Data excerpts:
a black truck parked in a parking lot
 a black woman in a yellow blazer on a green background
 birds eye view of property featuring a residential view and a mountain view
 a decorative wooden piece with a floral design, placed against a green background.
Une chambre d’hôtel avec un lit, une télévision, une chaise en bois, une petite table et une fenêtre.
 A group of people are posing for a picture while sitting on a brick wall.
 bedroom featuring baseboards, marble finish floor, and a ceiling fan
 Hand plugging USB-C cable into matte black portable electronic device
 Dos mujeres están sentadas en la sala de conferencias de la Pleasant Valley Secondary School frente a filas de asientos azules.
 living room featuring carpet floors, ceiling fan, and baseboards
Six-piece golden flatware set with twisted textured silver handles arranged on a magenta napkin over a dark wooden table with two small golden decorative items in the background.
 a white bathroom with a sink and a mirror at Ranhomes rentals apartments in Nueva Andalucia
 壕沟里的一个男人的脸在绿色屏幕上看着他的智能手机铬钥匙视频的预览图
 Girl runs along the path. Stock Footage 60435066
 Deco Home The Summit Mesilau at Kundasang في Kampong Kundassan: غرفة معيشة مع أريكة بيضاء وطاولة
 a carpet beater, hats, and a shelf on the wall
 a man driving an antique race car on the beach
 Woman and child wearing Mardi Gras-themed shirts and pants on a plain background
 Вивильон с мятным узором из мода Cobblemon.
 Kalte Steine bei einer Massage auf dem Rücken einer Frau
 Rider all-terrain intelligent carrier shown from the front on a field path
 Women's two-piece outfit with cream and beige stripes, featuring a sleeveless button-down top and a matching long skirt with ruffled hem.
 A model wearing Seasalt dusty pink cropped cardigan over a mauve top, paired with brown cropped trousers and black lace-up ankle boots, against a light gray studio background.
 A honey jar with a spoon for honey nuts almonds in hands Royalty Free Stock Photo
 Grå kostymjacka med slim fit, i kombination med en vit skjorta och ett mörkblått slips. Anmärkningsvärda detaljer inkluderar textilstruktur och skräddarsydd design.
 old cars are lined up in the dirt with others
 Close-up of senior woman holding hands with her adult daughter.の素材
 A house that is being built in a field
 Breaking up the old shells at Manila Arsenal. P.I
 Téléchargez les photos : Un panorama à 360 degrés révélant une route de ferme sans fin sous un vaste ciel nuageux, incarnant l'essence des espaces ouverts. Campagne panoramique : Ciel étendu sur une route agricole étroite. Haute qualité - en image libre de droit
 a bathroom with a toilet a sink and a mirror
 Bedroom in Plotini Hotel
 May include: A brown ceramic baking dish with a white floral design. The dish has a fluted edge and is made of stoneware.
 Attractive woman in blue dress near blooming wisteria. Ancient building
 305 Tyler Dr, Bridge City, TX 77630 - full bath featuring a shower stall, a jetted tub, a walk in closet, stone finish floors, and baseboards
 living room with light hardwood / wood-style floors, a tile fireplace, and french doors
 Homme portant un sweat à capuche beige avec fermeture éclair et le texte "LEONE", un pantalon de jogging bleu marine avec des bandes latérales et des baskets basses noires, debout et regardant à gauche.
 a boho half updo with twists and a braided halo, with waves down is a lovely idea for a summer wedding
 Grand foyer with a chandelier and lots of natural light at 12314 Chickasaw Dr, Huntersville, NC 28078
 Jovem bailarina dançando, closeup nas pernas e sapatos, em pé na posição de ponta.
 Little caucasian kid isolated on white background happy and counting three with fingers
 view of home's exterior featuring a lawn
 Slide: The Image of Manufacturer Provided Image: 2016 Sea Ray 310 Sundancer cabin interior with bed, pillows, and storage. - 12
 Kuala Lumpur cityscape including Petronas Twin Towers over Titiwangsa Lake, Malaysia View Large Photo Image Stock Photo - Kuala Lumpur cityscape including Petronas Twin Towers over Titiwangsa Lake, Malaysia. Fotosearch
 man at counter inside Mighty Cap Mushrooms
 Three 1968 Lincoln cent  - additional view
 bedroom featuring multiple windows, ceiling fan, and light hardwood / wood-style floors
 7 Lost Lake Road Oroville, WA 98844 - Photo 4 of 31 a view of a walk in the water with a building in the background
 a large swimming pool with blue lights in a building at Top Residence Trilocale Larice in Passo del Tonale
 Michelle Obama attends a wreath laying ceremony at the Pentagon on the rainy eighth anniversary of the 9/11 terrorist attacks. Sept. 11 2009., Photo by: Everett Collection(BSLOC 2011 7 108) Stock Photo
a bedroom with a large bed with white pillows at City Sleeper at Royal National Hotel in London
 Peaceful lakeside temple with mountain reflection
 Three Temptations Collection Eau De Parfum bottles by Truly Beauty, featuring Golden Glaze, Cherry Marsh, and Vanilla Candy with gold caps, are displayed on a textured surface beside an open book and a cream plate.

_Action item_
What is needed is an exact repetition of all the entries above.

_Solution_
a black truck parked in a parking lot
 a black woman in a yellow blazer on a green background
 birds eye view of property featuring a residential view and a mountain view
 a decorative wooden piece with a floral design, placed against a green background.
Une chambre d’hôtel avec un lit, une télévision, une chaise en bois, une petite table et une fenêtre.
 A group of people are posing for a picture while sitting on a brick wall.
 bedroom featuring baseboards, marble finish floor, and a ceiling fan
 Hand plugging USB-C cable into matte black portable electronic device
 Dos mujeres están sentadas en la sala de conferencias de la Pleasant Valley Secondary School frente a filas de asientos azules.
 living room featuring carpet floors, ceiling fan, and baseboards
Six-piece golden flatware set with twisted textured silver handles arranged on a magenta napkin over a dark wooden table with two small golden decorative items in the background.
 a white bathroom with a sink and a mirror at Ranhomes rentals apartments in Nueva Andalucia
 壕沟里的一个男人的脸在绿色屏幕上看着他的智能手机铬钥匙视频的预览图
 Girl runs along the path. Stock Footage 60435066
 Deco Home The Summit Mesilau at Kundasang في Kampong Kundassan: غرفة معيشة مع أريكة بيضاء وطاولة
 a carpet beater, hats, and a shelf on the wall
 a man driving an antique race car on the beach
 Woman and child wearing Mardi Gras-themed shirts and pants on a plain background
 Вивильон с мятным узором из мода Cobblemon.
 Kalte Steine bei einer Massage auf dem Rücken einer Frau
 Rider all-terrain intelligent carrier shown from the front on a field path
 Women's two-piece outfit with cream and beige stripes, featuring a sleeveless button-down top and a matching long skirt with ruffled hem.
 A model wearing Seasalt dusty pink cropped cardigan over a mauve top, paired with brown cropped trousers and black lace-up ankle boots, against a light gray studio background.
 A honey jar with a spoon for honey nuts almonds in hands Royalty Free Stock Photo
 Grå kostymjacka med slim fit, i kombination med en vit skjorta och ett mörkblått slips. Anmärkningsvärda detaljer inkluderar textilstruktur och skräddarsydd design.
 old cars are lined up in the dirt with others
 Close-up of senior woman holding hands with her adult daughter.の素材
 A house that is being built in a field
 Breaking up the old shells at Manila Arsenal. P.I
 Téléchargez les photos : Un panorama à 360 degrés révélant une route de ferme sans fin sous un vaste ciel nuageux, incarnant l'essence des espaces ouverts. Campagne panoramique : Ciel étendu sur une route agricole étroite. Haute qualité - en image libre de droit
 a bathroom with a toilet a sink and a mirror
 Bedroom in Plotini Hotel
 May include: A brown ceramic baking dish with a white floral design. The dish has a fluted edge and is made of stoneware.
 Attractive woman in blue dress near blooming wisteria. Ancient building
 305 Tyler Dr, Bridge City, TX 77630 - full bath featuring a shower stall, a jetted tub, a walk in closet, stone finish floors, and baseboards
 living room with light hardwood / wood-style floors, a tile fireplace, and french doors
 Homme portant un sweat à capuche beige avec fermeture éclair et le texte "LEONE", un pantalon de jogging bleu marine avec des bandes latérales et des baskets basses noires, debout et regardant à gauche.
 a boho half updo with twists and a braided halo, with waves down is a lovely idea for a summer wedding
 Grand foyer with a chandelier and lots of natural light at 12314 Chickasaw Dr, Huntersville, NC 28078
 Jovem bailarina dançando, closeup nas pernas e sapatos, em pé na posição de ponta.
 Little caucasian kid isolated on white background happy and counting three with fingers
 view of home's exterior featuring a lawn
 Slide: The Image of Manufacturer Provided Image: 2016 Sea Ray 310 Sundancer cabin interior with bed, pillows, and storage. - 12
 Kuala Lumpur cityscape including Petronas Twin Towers over Titiwangsa Lake, Malaysia View Large Photo Image Stock Photo - Kuala Lumpur cityscape including Petronas Twin Towers over Titiwangsa Lake, Malaysia. Fotosearch
 man at counter inside Mighty Cap Mushrooms
 Three 1968 Lincoln cent  - additional view
 bedroom featuring multiple windows, ceiling fan, and light hardwood / wood-style floors
 7 Lost Lake Road Oroville, WA 98844 - Photo 4 of 31 a view of a walk in the water with a building in the background
 a large swimming pool with blue lights in a building at Top Residence Trilocale Larice in Passo del Tonale
 Michelle Obama attends a wreath laying ceremony at the Pentagon on the rainy eighth anniversary of the 9/11 terrorist attacks. Sept. 11 2009., Photo by: Everett Collection(BSLOC 2011 7 108) Stock Photo
a bedroom with a large bed with white pillows at City Sleeper at Royal National Hotel in London
 Peaceful lakeside temple with mountain reflection
 Three Temptations Collection Eau De Parfum bottles by Truly Beauty, featuring Golden Glaze, Cherry Marsh, and Vanilla Candy with gold caps, are displayed on a textured surface beside an open book and a cream plate.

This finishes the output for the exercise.